Improving Rails scalability using modularity with enforced boundaries
Ruby & Rails have a reputation for not scaling well — you’ve probably heard this already.
TLDR for this post
There’s 3 things I’m going to talk about that have been used to improve the scalability of a Rails application.
1. Make the Rails application modular
2. Create a clear dependency graph
3. Enforce the boundaries between those separate modules
Make the Rails application modular
— Why does it end up like this?
— How should we split the application into modules?
— What have people tried in order to achieve modularity in a monolithic Rails application?
Create a clear dependency graph
Enforce the boundaries between those separate modules
— What do I mean by enforcing boundaries?
— Why doesn’t Rails enforce boundaries?
— Options for enforcing boundaries (tests and Packwerk)
Make the Rails application modular
Modular programming is a software design technique that emphasizes separating the functionality of a program into independent, interchangeable modules, such that each contains everything necessary to execute only one aspect of the desired functionality.
Many rails applications eventually become an entangled mess of code where a developer can’t easily reason:
1) How the code is organised (the different sections and how they relate to each-other) and what it’s doing
2) What might break when you change one section of the application (what parts of the codebase depend on what other parts of the codebase)
Why does it end up like this?
- The default Rails folder structure encourages you to organize your code in layers rather than modules.
This is the default structure of a Rails application.
This doesn’t tell you much about what the application does — just that it’s implemented in models, views and controllers (the layers).

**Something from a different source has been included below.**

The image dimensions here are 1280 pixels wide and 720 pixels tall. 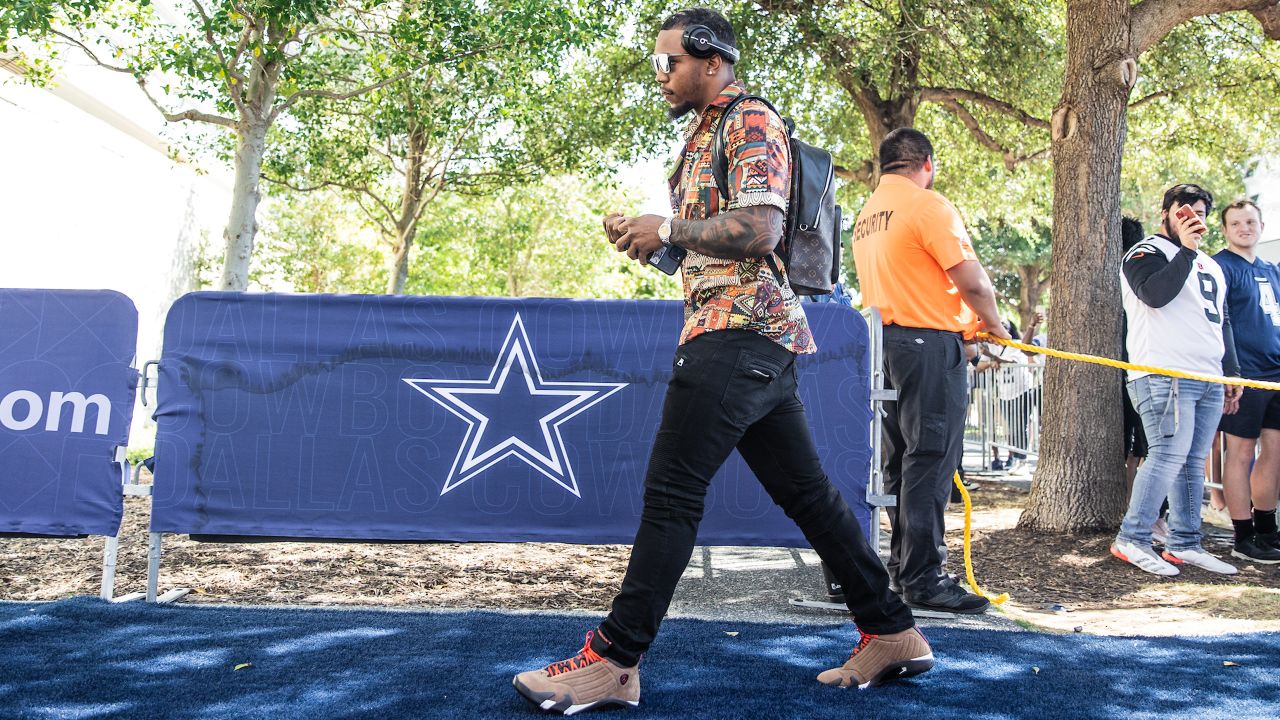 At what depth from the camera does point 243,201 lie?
37.2ft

And even then, there’s no guarantee that the boundaries between these sections of the code are enforced.
2. Ruby/Rails doesn’t encourage you to modularise your code in the same way some languages do
If you look at Java (from Java 9) you have ‘modules’ which group ‘packages’ (which are groups of Java classes that relate to each other) and enforce the boundaries between those modules. This is a clear and explicit aspect of the language.
This means that looking at a Java application that uses modules, you could easily see what modules exist (which gives you a pretty good view of how the application code is structured, and what the application does) and what the dependencies between those modules are (so that you’d be confident on what might break if you change a particular module).

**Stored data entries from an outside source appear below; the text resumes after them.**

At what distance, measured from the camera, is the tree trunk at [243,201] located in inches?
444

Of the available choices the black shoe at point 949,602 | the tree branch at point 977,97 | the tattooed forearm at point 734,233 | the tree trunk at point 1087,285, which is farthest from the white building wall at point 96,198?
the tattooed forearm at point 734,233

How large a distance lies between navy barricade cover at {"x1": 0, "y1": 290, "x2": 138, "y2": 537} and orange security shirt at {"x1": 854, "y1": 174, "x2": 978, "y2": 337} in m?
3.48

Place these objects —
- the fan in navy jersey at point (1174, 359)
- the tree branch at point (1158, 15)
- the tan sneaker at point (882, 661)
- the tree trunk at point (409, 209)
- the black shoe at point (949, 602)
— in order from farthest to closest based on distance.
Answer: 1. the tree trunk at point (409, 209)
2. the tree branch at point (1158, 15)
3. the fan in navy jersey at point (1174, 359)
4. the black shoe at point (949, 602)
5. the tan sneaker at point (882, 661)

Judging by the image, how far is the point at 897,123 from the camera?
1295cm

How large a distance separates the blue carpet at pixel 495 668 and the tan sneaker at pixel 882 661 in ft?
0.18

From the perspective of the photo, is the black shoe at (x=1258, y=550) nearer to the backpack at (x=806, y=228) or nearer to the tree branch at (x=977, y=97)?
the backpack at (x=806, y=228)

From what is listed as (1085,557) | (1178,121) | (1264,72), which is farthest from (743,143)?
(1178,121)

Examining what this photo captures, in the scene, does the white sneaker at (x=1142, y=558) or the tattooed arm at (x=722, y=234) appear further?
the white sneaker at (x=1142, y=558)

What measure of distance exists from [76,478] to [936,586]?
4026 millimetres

We don’t have anything as explicit in Ruby/Rails. People have discovered ways to kind of achieve this (see the ‘what have people tried’ section below) but it feels more like workarounds than a deliberate aspect of the language/framework.
How should we split the application into modules?

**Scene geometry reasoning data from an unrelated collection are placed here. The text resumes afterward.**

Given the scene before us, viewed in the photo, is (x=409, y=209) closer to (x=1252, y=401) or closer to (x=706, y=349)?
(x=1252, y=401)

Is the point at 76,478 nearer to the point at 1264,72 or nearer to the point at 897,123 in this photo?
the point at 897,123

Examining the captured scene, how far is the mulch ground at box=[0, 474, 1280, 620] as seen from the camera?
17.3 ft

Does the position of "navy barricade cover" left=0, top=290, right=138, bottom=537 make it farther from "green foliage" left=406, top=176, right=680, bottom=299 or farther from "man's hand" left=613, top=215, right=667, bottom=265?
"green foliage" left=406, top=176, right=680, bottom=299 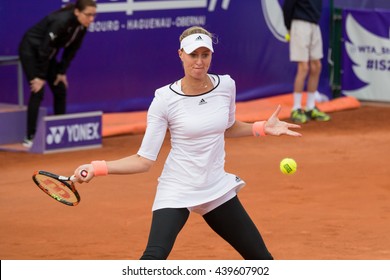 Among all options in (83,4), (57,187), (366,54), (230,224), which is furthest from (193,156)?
(366,54)

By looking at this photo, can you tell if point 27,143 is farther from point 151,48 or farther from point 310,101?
point 310,101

This is what I’ll talk about least in this post, but it’s obviously something you’ll need to think a lot about. DDD seems to be a popular approach to decide the bounded contexts within your application and split the code into modules that represent those bounded contexts, I’d recommend this post to see an example within the modular monolith context and this has been touted as the go to book on DDD.
Doing one ‘big bang’ PR to completely re architect an application is one way (this was Shopify’s approach with their humongous Rails application) but breaking out single components over time, or introducing new functionality as components is also a common approach — I like the questions Gousto asked themselves before deciding whether a new feature was a separate enough domain to build outside their normal Rails structure.
What have people tried in order to achieve modularity in a monolithic Rails application?
This isn’t exhaustive (if you know other attempts please comment and I’ll update) but here are some ways people have attempted to modularise a Rails monolith:
- Rails engines.
Rails engines seem to be a very popular approach for achieving modularity and have well documented successes. The idea is that for each component in your application you create a Rails engine, which is like its own stand alone Rails application with its own models, views and controllers. For example Devise is a Rails engine that you include and use in your own application — check out its repo and notice that it has its own
app/ folder with views and controllers!
Aside from the clear separation another massive benefit is that if you load the engines using Bundler you are prevented from having circular dependencies (read the Circular Dependencies section of Modular Monolith). This means that you’ll have a clear dependency graph that can only flow one way, and that’s massive.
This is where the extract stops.